→ **Exercise inputs**
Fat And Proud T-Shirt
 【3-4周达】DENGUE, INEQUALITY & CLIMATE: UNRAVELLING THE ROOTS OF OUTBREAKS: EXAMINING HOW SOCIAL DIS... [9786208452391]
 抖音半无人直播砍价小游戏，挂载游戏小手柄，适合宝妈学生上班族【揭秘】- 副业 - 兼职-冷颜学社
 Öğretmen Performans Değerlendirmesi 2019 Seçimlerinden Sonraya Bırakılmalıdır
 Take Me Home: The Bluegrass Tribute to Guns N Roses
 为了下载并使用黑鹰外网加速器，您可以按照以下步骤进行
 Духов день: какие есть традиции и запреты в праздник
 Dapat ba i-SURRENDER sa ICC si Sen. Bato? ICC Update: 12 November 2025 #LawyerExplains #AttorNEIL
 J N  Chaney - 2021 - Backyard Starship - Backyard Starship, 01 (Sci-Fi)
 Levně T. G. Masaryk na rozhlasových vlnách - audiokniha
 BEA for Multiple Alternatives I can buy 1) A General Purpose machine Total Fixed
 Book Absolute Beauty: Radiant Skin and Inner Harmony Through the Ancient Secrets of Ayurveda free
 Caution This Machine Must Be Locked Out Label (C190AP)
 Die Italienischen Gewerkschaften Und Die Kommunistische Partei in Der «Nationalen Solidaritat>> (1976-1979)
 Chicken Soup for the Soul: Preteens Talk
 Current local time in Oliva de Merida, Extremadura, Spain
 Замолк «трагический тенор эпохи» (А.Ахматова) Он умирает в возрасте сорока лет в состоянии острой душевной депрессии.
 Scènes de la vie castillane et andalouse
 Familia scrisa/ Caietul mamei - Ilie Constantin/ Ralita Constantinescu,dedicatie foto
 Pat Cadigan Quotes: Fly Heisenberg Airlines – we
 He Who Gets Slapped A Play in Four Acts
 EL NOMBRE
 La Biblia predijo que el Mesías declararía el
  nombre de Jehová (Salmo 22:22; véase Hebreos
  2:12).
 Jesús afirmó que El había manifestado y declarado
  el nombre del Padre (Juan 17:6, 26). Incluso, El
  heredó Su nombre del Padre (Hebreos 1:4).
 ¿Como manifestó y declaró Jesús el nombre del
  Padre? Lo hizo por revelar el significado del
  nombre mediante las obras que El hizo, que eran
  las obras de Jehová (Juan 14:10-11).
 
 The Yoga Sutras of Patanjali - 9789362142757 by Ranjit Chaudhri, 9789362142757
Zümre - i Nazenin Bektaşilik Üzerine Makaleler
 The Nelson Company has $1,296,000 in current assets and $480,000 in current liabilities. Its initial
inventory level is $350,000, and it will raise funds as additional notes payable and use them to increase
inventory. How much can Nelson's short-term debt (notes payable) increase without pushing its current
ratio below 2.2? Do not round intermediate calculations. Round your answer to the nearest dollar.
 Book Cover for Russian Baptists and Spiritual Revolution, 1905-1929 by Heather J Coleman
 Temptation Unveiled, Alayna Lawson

→ **Directions for this task**
Return exactly what appears above, from the first line of the entries to the line with "BEA for Multiple", inclusive.

→ **Response to the task**
Fat And Proud T-Shirt
 【3-4周达】DENGUE, INEQUALITY & CLIMATE: UNRAVELLING THE ROOTS OF OUTBREAKS: EXAMINING HOW SOCIAL DIS... [9786208452391]
 抖音半无人直播砍价小游戏，挂载游戏小手柄，适合宝妈学生上班族【揭秘】- 副业 - 兼职-冷颜学社
 Öğretmen Performans Değerlendirmesi 2019 Seçimlerinden Sonraya Bırakılmalıdır
 Take Me Home: The Bluegrass Tribute to Guns N Roses
 为了下载并使用黑鹰外网加速器，您可以按照以下步骤进行
 Духов день: какие есть традиции и запреты в праздник
 Dapat ba i-SURRENDER sa ICC si Sen. Bato? ICC Update: 12 November 2025 #LawyerExplains #AttorNEIL
 J N  Chaney - 2021 - Backyard Starship - Backyard Starship, 01 (Sci-Fi)
 Levně T. G. Masaryk na rozhlasových vlnách - audiokniha
 BEA for Multiple Alternatives I can buy 1) A General Purpose machine Total Fixed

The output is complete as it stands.